In category theory, a span, roof or correspondence is a generalization of the notion of relation between two objects of a category. When the category has all pullbacks (and satisfies a small number of other conditions), spans can be considered as morphisms in a category of fractions.

The notion of a span is due to Nobuo Yoneda (1954) and Jean Bénabou (1967).

== Formal definition ==
A span is a diagram of type $\Lambda = (-1 \leftarrow 0 \rightarrow +1),$ i.e., a diagram of the form $Y \leftarrow X \rightarrow Z$.

That is, let Λ be the category (-1 ← 0 → +1). Then a span in a category C is a functor S : Λ → C. This means that a span consists of three objects X, Y and Z of C and morphisms f : X → Y and g : X → Z: it is two maps with common domain.

The colimit of a span is a pushout.

== Examples ==

- If R is a relation between sets X and Y (i.e. a subset of X × Y), then X ← R → Y is a span, where the maps are the projection maps $X \times Y \overset{\pi_X}{\to} X$ and $X \times Y \overset{\pi_Y}{\to} Y$.
- Any object yields the trivial span A ← A → A, where the maps are the identity.
- More generally, let $\phi\colon A \to B$ be a morphism in some category. There is a trivial span A ← A → B, where the left map is the identity on A, and the right map is the given map φ.
- If M is a model category, with W the set of weak equivalences, then the spans of the form $X \leftarrow Y \rightarrow Z,$ where the left morphism is in W, can be considered a generalised morphism (i.e., where one "inverts the weak equivalences").

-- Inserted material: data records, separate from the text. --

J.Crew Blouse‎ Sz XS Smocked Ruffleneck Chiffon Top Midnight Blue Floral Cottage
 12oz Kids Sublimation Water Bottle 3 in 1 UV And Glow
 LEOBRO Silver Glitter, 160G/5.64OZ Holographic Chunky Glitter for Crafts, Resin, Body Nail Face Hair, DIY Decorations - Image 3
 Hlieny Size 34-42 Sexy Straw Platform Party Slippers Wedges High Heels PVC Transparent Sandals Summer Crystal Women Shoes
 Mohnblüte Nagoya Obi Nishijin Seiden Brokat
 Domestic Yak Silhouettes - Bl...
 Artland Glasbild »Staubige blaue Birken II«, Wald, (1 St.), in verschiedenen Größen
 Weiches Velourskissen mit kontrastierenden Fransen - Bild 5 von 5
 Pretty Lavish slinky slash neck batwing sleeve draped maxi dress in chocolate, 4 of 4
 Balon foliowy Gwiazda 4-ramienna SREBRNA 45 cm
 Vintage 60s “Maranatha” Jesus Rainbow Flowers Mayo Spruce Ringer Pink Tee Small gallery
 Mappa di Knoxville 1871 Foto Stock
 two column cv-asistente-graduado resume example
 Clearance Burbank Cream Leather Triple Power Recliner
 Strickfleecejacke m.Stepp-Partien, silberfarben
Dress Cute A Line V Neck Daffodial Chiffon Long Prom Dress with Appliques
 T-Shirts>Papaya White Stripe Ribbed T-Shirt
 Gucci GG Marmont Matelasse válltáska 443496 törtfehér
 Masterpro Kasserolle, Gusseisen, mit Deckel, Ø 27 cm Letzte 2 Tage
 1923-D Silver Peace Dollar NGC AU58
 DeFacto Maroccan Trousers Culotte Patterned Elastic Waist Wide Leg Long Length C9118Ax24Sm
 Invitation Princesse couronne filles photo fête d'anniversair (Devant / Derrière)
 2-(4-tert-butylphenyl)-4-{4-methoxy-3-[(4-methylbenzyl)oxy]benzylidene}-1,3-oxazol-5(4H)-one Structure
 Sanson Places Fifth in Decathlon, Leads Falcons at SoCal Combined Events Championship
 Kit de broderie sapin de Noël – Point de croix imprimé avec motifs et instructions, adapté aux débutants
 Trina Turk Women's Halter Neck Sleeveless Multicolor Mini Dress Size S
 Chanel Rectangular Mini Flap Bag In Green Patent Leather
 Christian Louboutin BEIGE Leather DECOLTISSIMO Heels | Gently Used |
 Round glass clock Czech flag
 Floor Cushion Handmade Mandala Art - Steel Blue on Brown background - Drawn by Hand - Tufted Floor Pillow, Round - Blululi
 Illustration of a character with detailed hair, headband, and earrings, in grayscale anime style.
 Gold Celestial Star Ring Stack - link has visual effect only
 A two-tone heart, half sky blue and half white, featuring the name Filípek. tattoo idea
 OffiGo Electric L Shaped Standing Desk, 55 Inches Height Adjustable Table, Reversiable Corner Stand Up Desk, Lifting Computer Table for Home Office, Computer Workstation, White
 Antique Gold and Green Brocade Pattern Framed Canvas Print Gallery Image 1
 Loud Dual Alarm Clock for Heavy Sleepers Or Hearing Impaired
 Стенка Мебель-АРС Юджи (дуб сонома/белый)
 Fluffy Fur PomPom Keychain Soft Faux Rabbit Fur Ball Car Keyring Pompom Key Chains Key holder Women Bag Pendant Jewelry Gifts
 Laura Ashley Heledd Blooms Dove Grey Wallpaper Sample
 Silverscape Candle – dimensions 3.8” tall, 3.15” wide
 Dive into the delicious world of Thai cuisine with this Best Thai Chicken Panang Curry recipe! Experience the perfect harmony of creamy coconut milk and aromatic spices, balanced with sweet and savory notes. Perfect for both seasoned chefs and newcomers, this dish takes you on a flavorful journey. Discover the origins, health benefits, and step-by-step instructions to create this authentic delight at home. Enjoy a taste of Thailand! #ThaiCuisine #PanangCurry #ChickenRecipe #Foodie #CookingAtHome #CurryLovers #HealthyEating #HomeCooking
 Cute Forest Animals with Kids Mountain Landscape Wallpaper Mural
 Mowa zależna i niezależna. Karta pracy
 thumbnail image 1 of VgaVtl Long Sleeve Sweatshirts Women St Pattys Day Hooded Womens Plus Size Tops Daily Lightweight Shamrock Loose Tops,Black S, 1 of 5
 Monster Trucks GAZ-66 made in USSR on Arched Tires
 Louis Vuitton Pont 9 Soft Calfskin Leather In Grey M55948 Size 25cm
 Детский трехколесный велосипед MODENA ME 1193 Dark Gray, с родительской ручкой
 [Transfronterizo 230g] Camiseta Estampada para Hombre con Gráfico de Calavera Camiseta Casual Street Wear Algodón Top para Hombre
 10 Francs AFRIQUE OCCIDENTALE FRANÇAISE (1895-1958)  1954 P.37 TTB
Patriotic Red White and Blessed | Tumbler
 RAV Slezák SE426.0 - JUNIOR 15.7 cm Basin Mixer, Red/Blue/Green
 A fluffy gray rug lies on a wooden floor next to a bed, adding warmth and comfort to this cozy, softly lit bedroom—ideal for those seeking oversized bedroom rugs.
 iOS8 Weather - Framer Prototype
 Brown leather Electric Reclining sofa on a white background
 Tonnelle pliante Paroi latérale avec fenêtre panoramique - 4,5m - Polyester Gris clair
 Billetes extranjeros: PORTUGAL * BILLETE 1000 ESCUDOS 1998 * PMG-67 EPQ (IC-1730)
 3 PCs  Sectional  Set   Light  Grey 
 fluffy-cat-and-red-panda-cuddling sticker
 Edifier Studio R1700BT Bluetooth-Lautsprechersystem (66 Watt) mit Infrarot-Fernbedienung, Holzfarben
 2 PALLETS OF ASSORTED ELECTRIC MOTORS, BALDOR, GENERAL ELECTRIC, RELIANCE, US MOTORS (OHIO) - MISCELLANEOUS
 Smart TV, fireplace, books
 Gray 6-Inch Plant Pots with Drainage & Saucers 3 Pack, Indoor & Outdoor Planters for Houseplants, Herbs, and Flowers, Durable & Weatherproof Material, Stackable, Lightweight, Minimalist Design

Note that this is not the usual point of view taken when dealing with model categories.

== Cospans ==

A cospan K in a category C is a functor K : Λ^{op} → C; equivalently, a contravariant functor from Λ to C. That is, a diagram of type $\Lambda^\text{op} = (-1 \rightarrow 0 \leftarrow +1),$ i.e., a diagram of the form $Y \rightarrow X \leftarrow Z$.

Thus it consists of three objects X, Y and Z of C and morphisms f : Y → X and g : Z → X: it is two maps with common codomain.

The limit of a cospan is a pullback.

An example of a cospan is a cobordism W between two manifolds M and N, where the two maps are the inclusions into W. Note that while cobordisms are cospans, the category of cobordisms is not a "cospan category": it is not the category of all cospans in "the category of manifolds with inclusions on the boundary", but rather a subcategory thereof, as the requirement that M and N form a partition of the boundary of W is a global constraint.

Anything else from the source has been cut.